DISABLE_ALL_THINKING=true \
LOG_ALL_ACTION_SCORES=false \
LOG_ALL_SOCIALS_TO_MEMORY=false \
node index.js --agents=20000

Game balance

All tuning constants live in data/balance.js — needs decay rates, emotional thresholds, economic costs, lifecycle probabilities, and political weights. The file is annotated; change numbers there and restart.
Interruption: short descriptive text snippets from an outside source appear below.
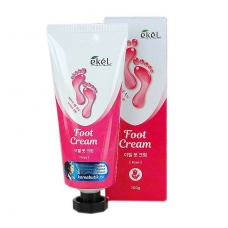 Ekel Foot Cream Rose/Успокаивающий крем для ног с экстрактом розы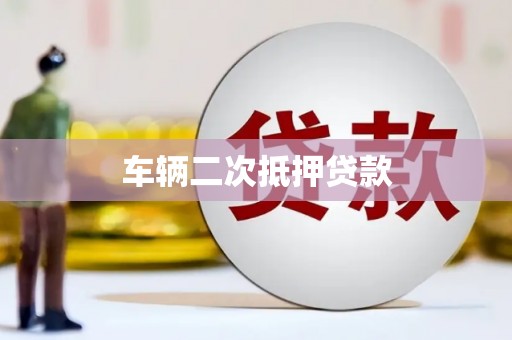 池上车辆二次抵押贷款
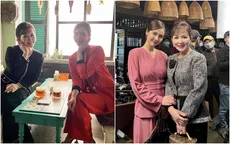 Loạt ảnh mẹ con Vân Trang sang chảnh, thân thiết trong Thương ngày nắng về phần 2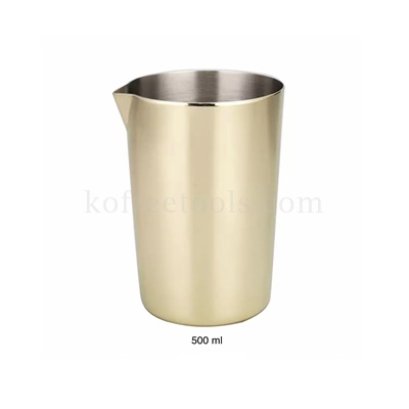 Mixing Glass Stainless 304 สีทอง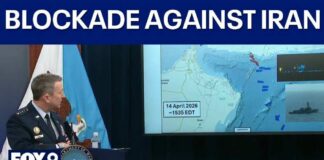 Iran blockade: 13 ships turn back as US enforces naval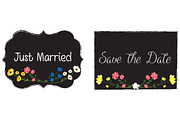 Flowers Clipart and Frames, an Illustration by lavinialorena (Thumbnail 3 of 5)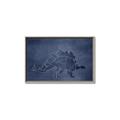 Picture of Geo Dino I  _GroupedProduct_Rectangle_Landscape_Mini_ _GroupedProduct_Rectangle_Landscape_Canvas_Framed_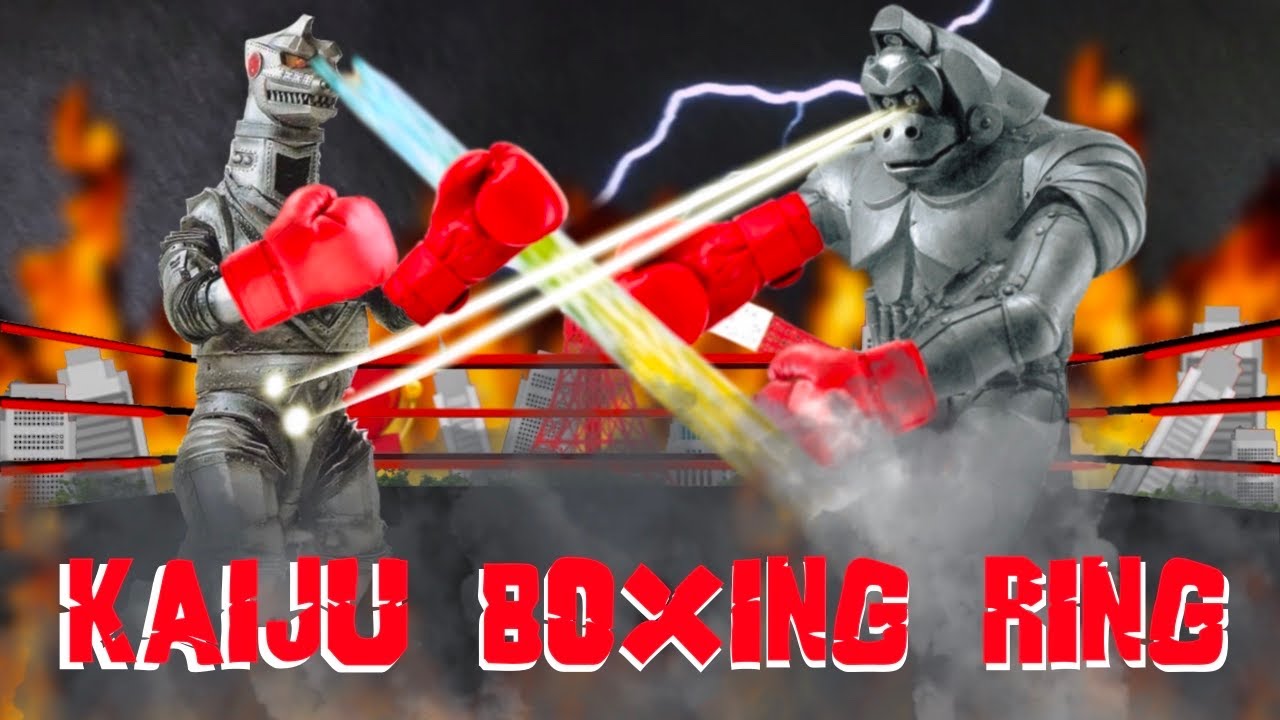 メカニコング CHOKEHAZRD MECHANIKONG 検キングコング Mechani-Kong vs. MechaGodzilla (Showa) / Kaiju Battles - YouTube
All world content (jobs, names, locations, weather, events, political offices, dialogue topics, 1999 slang) lives in the data/ YAML files and can be edited without touching code.


Architecture

index.js                    Entry point, graceful shutdown
engine/
  matrix.js                 Main loop, worker orchestration, tick dispatch
  agent.js                  Agent class, needs, relationships, memory
  fsm.js                    Finite state machine + A* pathfinding
  fsmStates/                13 behavioral states (working, sleeping, socializing, ...)
  BehaviorTreeCore.js       Selector / Sequence / Condition / Action nodes
  worldSeeder.js            Initial world population and relationship seeding
  worldPartitioner.js       Geographic partition assignment for workers
services/
  agentService.js           Per-tick agent update dispatch
  socialService.js          Paired conversation resolution, political friction
  lifecycleService.js       Births, deaths, aging, accidents, illness
  worldService.js           Weather, news, rent, degradation, policy multipliers
  politicsService.js        Elections, opinion drift, timed historical events
  perceptionService.js      Agent sensory awareness of surroundings
data/
  balance.js                All numeric tuning constants
  config.js                 System configuration (tick rate, DB path, logging flags)
  *.yaml                    World content: demographics, locations, culture, politics, ...
workers/
  agent.worker.js           Worker thread: hydrates agents, runs FSM, social logic
ui/
  dashboard.js              Blessed TUI: all six panels, observer mode, keybindings

Workers are spawned via worker_threads, one per logical CPU minus one (reserved for the main thread). Each worker owns a geographic partition of the world graph and processes the agents currently in its territory. The main thread handles world-level services, the database, and the dashboard.


Scale reference

Tested on a single machine. Bottleneck is IPC serialization (agent data round-trips between main thread and workers every tick), not raw compute.

Agents Experience
1,000–5,000 Effortless. Default range.
5,000–12,000 Comfortable. Ticks complete well within the 3s window.
12,000–20,000 Workable. Occasional adaptive pacing.
20,000–30,000 Pushing limits. Checkpoint writes become noticeable.

On an 8-core machine with a large L3 cache, 10,000–15,000 agents is a good target.